** Collected data **
——

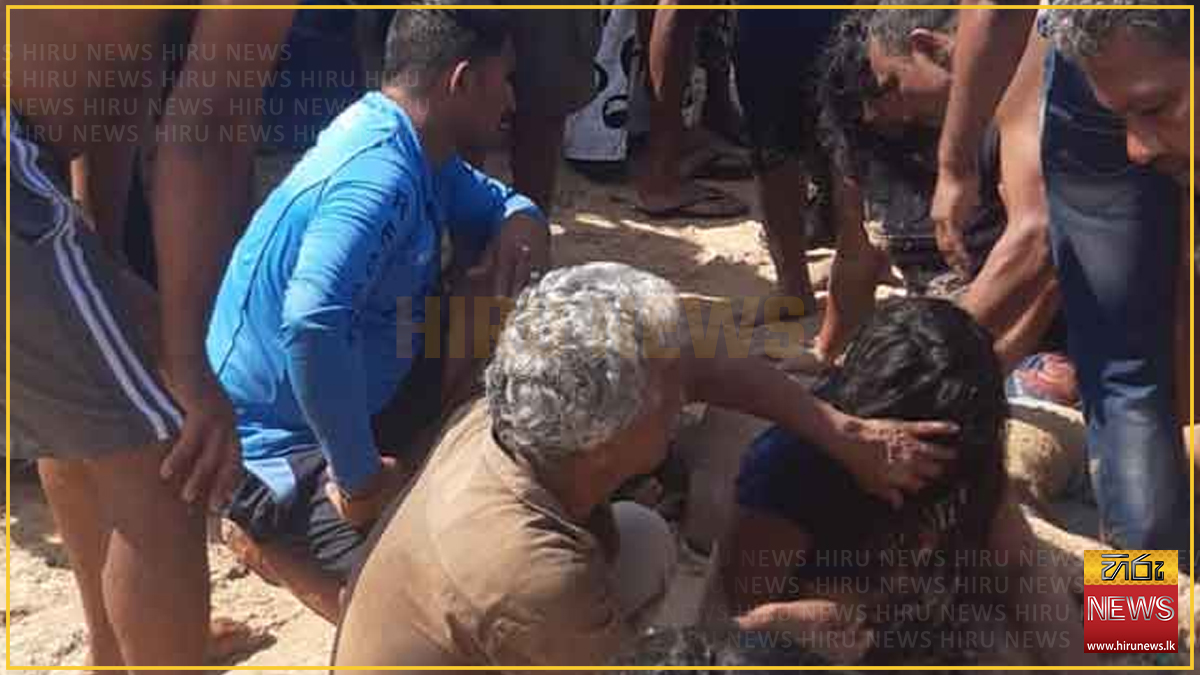 Seven+tourists+rescued+from+drowning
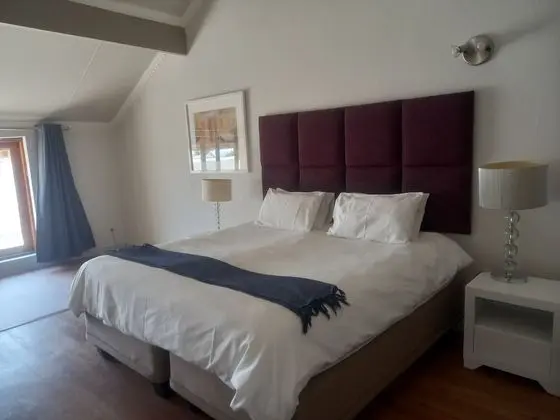 Mount Royal 29 Large 1 Bed with Balcony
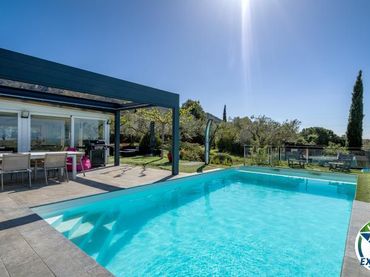Villa con piscina in vendita a Serra de Verdera 4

——

** Exercise details **
Your answer should consist solely of the lines from the one holding "Mount Royal 29 Large 1 Bed with Balcony" through the end of the listing, reproduced exactly and without pictures.

** Solution to the exercise **
 Mount Royal 29 Large 1 Bed with Balcony
Villa con piscina in vendita a Serra de Verdera 4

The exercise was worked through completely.